Using the entries that follow, write out the line containing "Pixxa Model 1", the line containing "Дрони масовано атакували", and every line between them, exactly and nothing else.

EXERCISE MATERIAL:
-- Opening Marker --

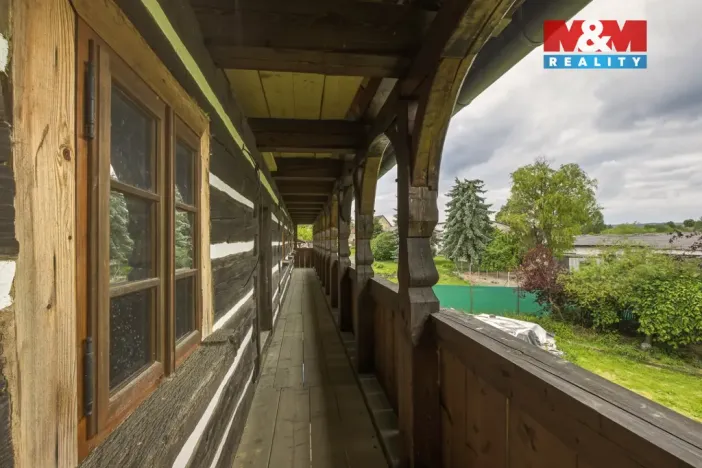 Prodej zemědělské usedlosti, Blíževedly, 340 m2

-- Closing Marker --
-- Opening Marker --

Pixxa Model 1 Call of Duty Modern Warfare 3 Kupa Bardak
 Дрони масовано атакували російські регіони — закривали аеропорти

-- Closing Marker --

WRITTEN RESPONSE:
Pixxa Model 1 Call of Duty Modern Warfare 3 Kupa Bardak
 Дрони масовано атакували російські регіони — закривали аеропорти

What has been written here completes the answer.